高校入学したばかり、スクールカーストの底辺を自認する少年・沼本よしみは、ある日の下校(?)途中、跪いた見知らぬ美少女から指輪を差し出され、求婚される。
彼女は経済力で日本を実質支配する三星コンツェルンのトップの令嬢・三星光(みつぼし ひかる)だった。

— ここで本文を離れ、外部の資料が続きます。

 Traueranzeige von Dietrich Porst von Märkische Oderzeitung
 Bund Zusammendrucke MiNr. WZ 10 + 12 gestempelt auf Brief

権力と財力と美貌を背景に自信満々の彼女の求婚を一度は断ったものの、ドサクサで受け取った指輪を持ち帰ってしまったよしみの、自宅へ、そして学校へ、光は押しかけあるいは転校し、懐疑的だったよしみの両親、教師たち、そしてクラスメイトたちを次々と権力と財力で屈服させ懐柔して外堀を埋めていくのだった…
という、押しかけ暴走特急お嬢様ラブコメ。
ボケーっとした男の子に押し強めの美女が非常識にガンガン迫ってくる、それにツッコむ主人公、という作風が二作続いて、作者の芸風という感じに。
「庶民目線でイメージする『お嬢様』に対する誤解」
の乗っかった、「財力、権力、世間知らず」なお嬢様ネタを中心に据えたラブコメディ。
今回のお嬢様ブームは息が長いというか、擦っても擦っても味が出続けますねえ。
ギャグコメとしてはむしろベタ中のベタというか、もはや敢えてやってる「メタベタ」なんですけど、照れやかっこつけで躊躇してブレーキを踏むことなく、ひたすらアクセル全開なのが痛快な作風。
今巻で完結。
近年のマガジン(に限らず講談社)のラブコメに対する自分のイメージで言うと
・エロとハーレム
・成功体験(エロとハーレム)の再生産・量産
・ヒット作の引き伸ばし
なんですけど、そうした文脈から外れて、自分から見て「マガジン(講談社)らしくない」ラブコメ。
「3巻で完結」というのは、近年の傾向から見ると
「思ったより人気が出なくて打ち切りなのかな」
と思わされる「短さ」ではあります。
ただ、本作の「出オチのワンイシュー」な作品コンセプトから考えると、結果的に適切な長さなような気がすごくしますけど。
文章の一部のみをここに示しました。